Brief descriptive captions:
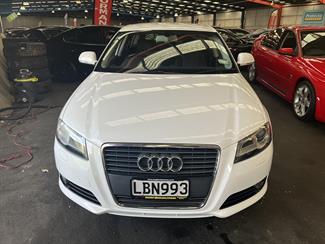 2010 Audi A3 - Thumbnail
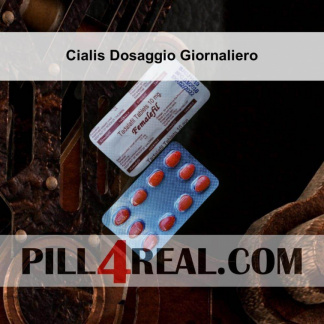 Cialis Dosaggio Giornaliero 183
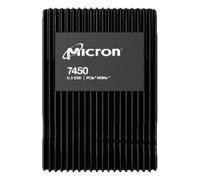 Micron 7450 PRO U.3 1920 GB PCI Express 4.0 3D TLC NAND NVMe
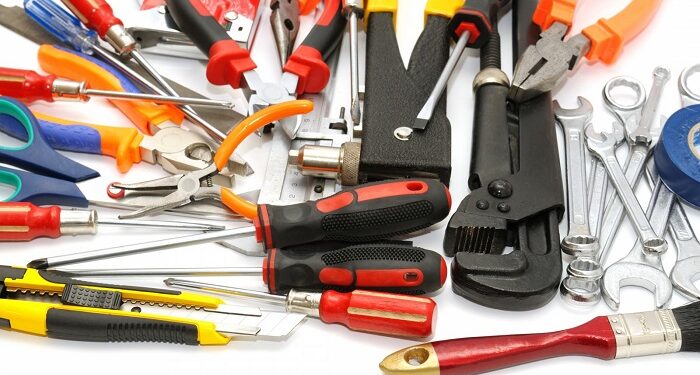 Выбираем подходящий ручной инструмент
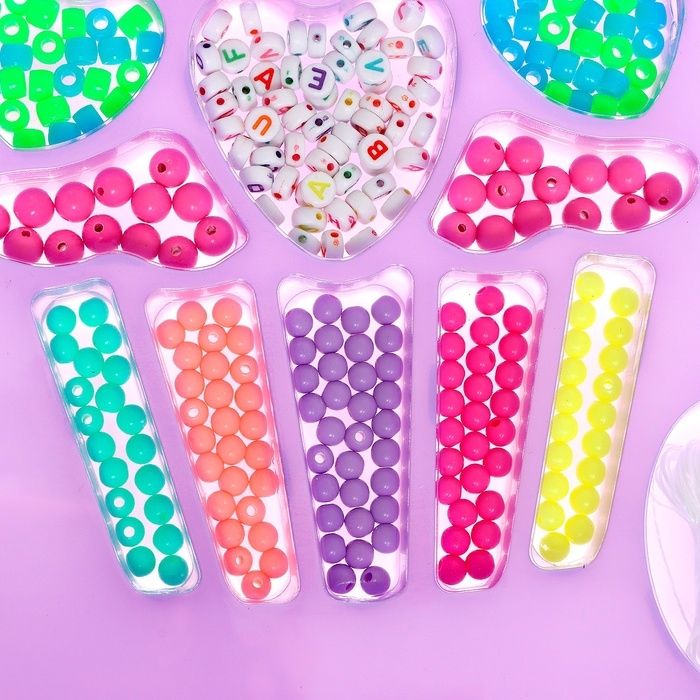 Набор для бисероплетения &laquo;Капкейк&raquo;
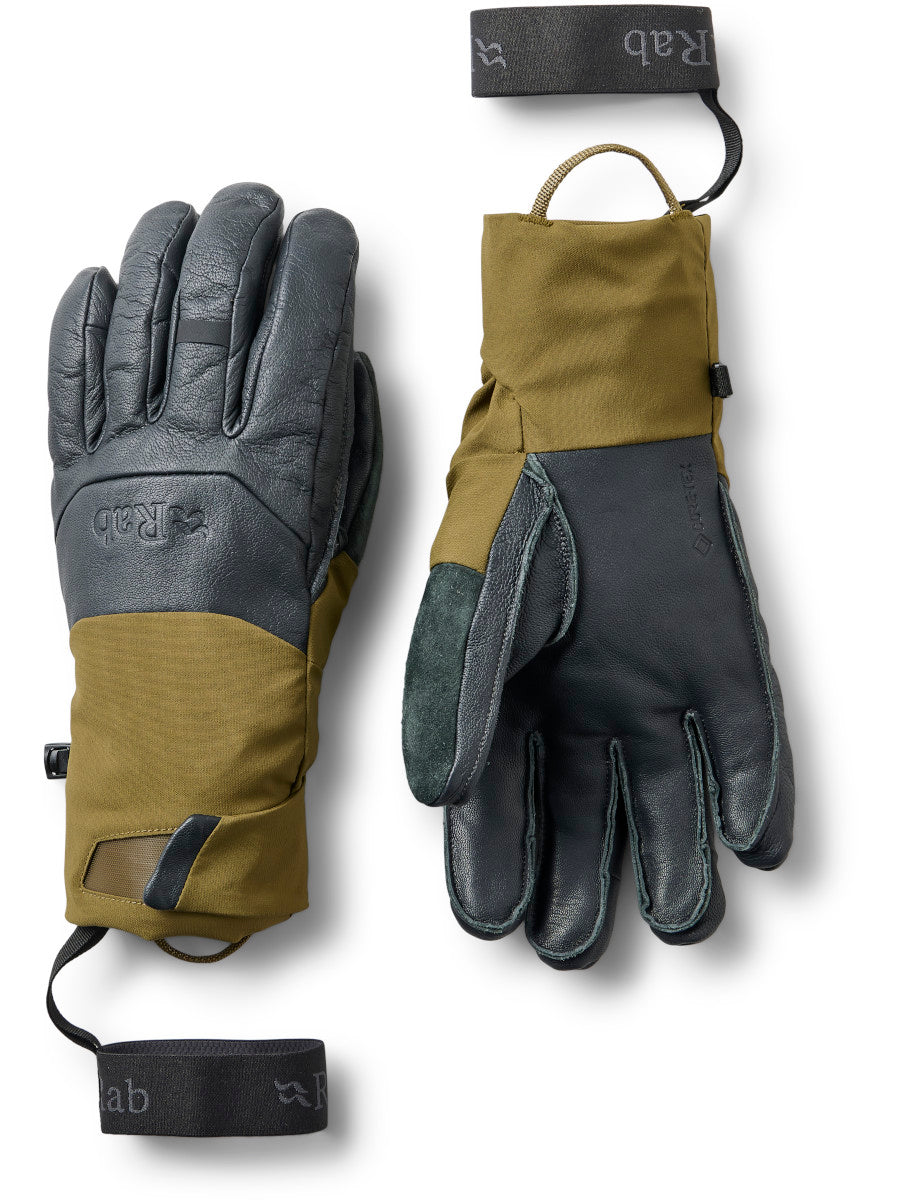 Rab Operator GTX Gloves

Problem description:
Without the pictures, repeat exactly the lines running from the line containing "Набор для бисероплетения" through the end of the data, both ends included.

Output of the task:
 Набор для бисероплетения &laquo;Капкейк&raquo;
 Rab Operator GTX Gloves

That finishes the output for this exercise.